Человек был не стар и не молод, не высок и не низок. Человек пересек по диагонали ратушную площадь, остановился возле замшелой стены старого готического особняка, поднял голову и стал смотреть в небо.
Вокруг него текла, вернее – обтекала его суета обычного, такого же, как и много месяцев назад (и много месяцев спустя), обыкновенного утра. Сновали молочники и зеленщики, служанки подметали подолами длиннющих складчатых юбок мостовые, мальчишки крутили хвосты облезлым кошкам и гоняли пятнистых голубей.
Никому не было дела до человека. Он просто смотрел в небо, а город не обращал внимания на него. Однако – что-то изменилось в городе; и не сразу стало понятно, что же именно.
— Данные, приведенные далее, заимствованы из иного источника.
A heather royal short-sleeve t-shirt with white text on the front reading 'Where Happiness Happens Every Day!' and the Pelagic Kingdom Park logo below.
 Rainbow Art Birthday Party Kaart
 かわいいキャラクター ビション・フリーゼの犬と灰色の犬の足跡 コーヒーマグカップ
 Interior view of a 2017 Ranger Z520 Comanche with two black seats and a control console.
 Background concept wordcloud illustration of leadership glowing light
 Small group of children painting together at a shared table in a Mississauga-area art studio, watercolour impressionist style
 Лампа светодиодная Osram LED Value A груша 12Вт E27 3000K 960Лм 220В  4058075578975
Просто в том месте неба, куда был направлен взор человека, спустя какое-то время, образовалась прогалина абсолютно чистого и совсем голубого неба.
Впрочем, городу не было дела до неба. А человеку – до города.
Настало время полудня, и не было видно на улицах человека. Впрочем, когда пришло время раннего вечера, говорят, видели его в тот день на берегу старой неспешной реки, невдалеке от самого красивого моста – там, где цветут кувшинки и водяные лилии. Но не было цветов, потому что еще далеко оставалось до лета, а просто – сидел на берегу человек, о чем-то думал, подкармливал рыбу хлебными крошками, и смотрел в самое сердце начинающегося заката.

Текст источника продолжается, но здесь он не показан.